Key points for traders: foreign crypto wallets must be disclosed to the FNS within one month of opening or closing. Permanent Russian residents also must file tax reports for crypto transactions tied to foreign-based wallets. While holding such wallets would not be outright banned, payments for assets bought abroad must be made using foreign fiat accounts—an apparent attempt to curb capital flight.
The wider framework also increases state control and limits risk exposure:
- Non-qualified investors can buy crypto legally, but capped at 300,000 rubles per year (under ~$3,700) and limited to a small set of the most liquid coins.
- The Central Bank wants commercial banks’ crypto investments capped at 1% of capital.
- Existing exchanges get a one-year window to apply for licensing (deadline aiming for July 1, 2027).
- A “digital depository” model and “identifier address” concept would link persons/entities to wallet-like identifiers, heavily favoring custodial flows.

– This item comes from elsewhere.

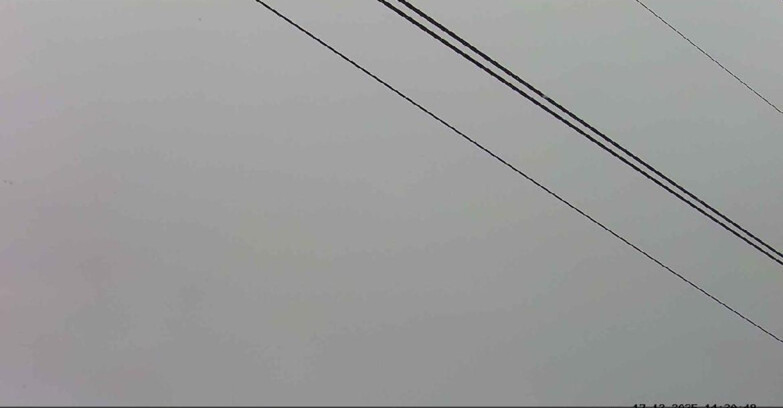 Webcam Passo San Pellegrino-Falcade  - Passo San Pellegrino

- Direct withdrawals to non-custodial wallets are prohibited; moving crypto to regulated accounts may require proof of fund origins.
Net takeaway: the reporting of foreign crypto wallets and the push to route transactions through licensed domestic intermediaries add compliance friction and reduce onshore fungibility for overseas exchange flows, which can alter liquidity and trading access.
Bearish
This is likely bearish for traders because Russia is tightening compliance and routing rules around crypto—especially by requiring disclosure of foreign crypto wallets to the tax office. Similar to other capital-control-driven crackdowns, the near-term effect is usually reduced liquidity and more difficult access paths (higher friction for deposits/withdrawals, increased documentation needs).
Short term, traders tied to offshore liquidity (foreign exchanges or non-custodial workflows) may see wider spreads or lower effective volume as users adjust to licensing timelines (exchanges have until mid-2027) and the “digital depository/identifier address” structure. The one-month reporting requirement for foreign crypto wallets can also trigger behavior changes ahead of enforcement, creating uneven order flow.
Long term, the framework could provide clearer legal rails for licensed, domestic custodial channels, but that clarity comes with constraints: investor purchase caps (300,000 RUB/year), bank exposure limits (1% of capital), and restrictions on non-custodial withdrawals. Overall market impact tends to favor regulated, centralized flows while pressuring offshore access—typically bearish for overall sentiment and cross-border liquidity.